Project:Infrastructure/Rsync replacement

Replacing rsync

While cheap to operate, rsync is a non-http protocol in a world of http protocols. The primary aim is to reduce our dependence on custom protocols. Using 'dumb' http pipes allows us to simplify serving infrastructure and utilize cheaper commodity components like content delivery networks (CDNs). Rsync requires us to run compute nodes near our users (to support the rsync protocol) and this requires us to sustain and operate a network edge. We have not done well at this in recent years and we are looking to get rid of it for this reason.

Requirements

How clients use the service.

Clients typically have 3 operations:

a full sync. This is for clients who don't have a tree.
check sync. This is for any client looking to do an update, they want to know if they are behind (and if so, by how much.)
an incremental sync. This is for any client with some copy of the repo, they want to pull the incremental updates.
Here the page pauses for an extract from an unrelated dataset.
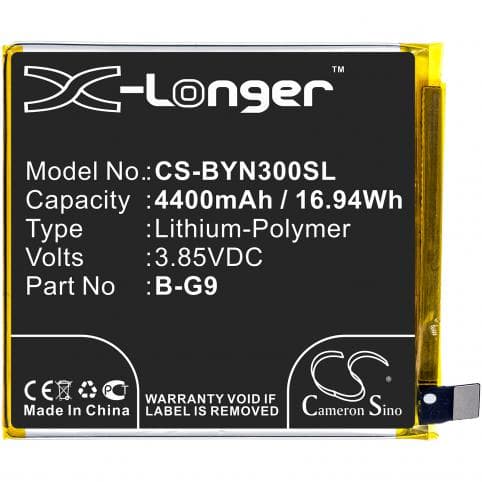 Batterie pour Vivo B-G9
Typically full syncs are rare (most clients have a copy) Many clients *check* every few hours and do an incremental if updates are available. Because of the pace of development; updates are almost always visible to these clients.

Client

Syncs should take < 2m for a full sync
Syncs should take < 10 for an incremental sync
Syncs should include repository metadata
There needs to be some kind of latency / bandwidth consideration...but its less clear what it is.

Server

Syncs should be possible over http
Syncs should scale easily, so we do e.g. 1 million syncs a day
In reality there are 3 types of syncs. "Full", "Incremental", "check".